What you will do - Whatever lies between the line with "Dance Department’s Female" and the end of the data, both included, must be copied exactly and without pictures.

Information provided -
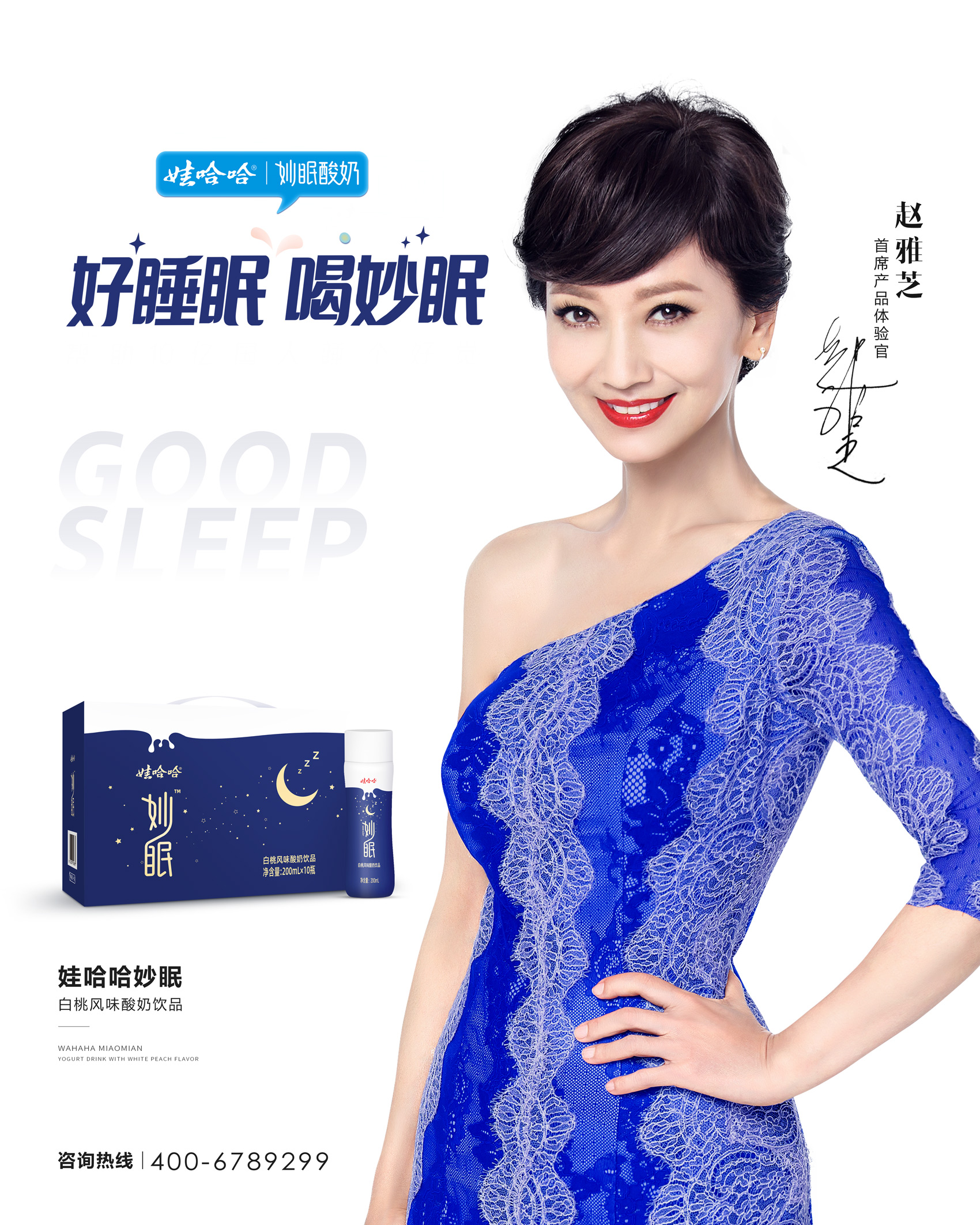 6个月睡眠不好如何改善睡眠质量,娃哈哈妙眠真的有助于睡眠吗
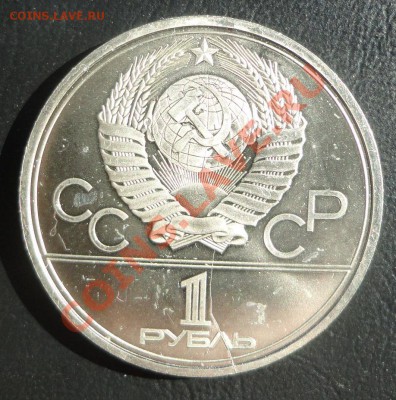 Космос Олимпиада 80 раскол штемпеля - короткий аук - DSC07339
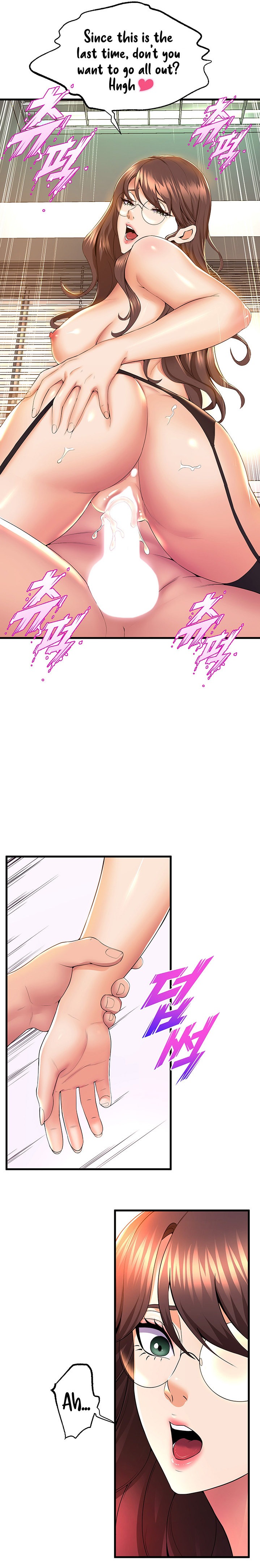 Dance Department’s Female Sunbaes Chapter 63 Page 6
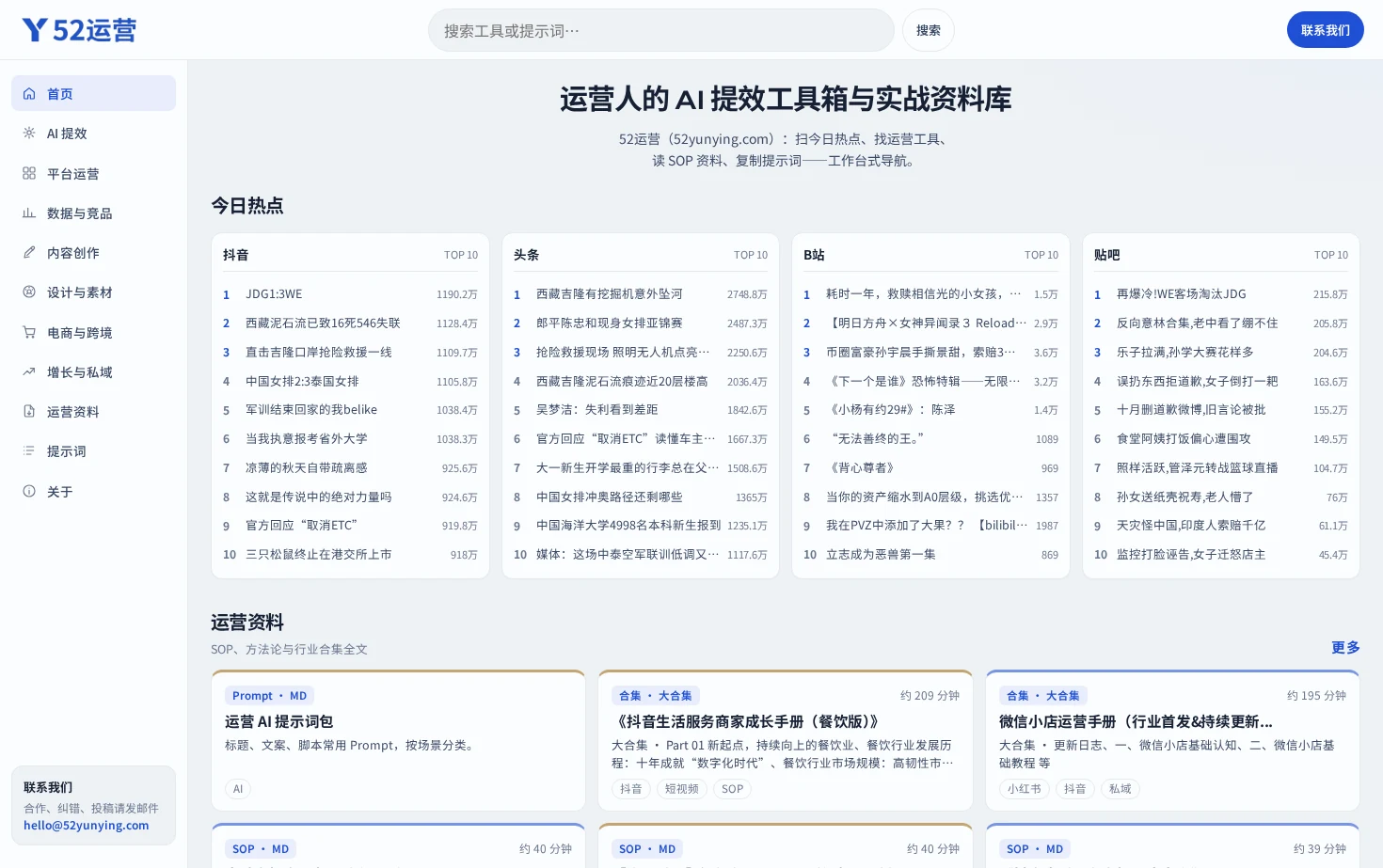 52运营 页面快照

Solved exercise -
 Dance Department’s Female Sunbaes Chapter 63 Page 6
 52运营 页面快照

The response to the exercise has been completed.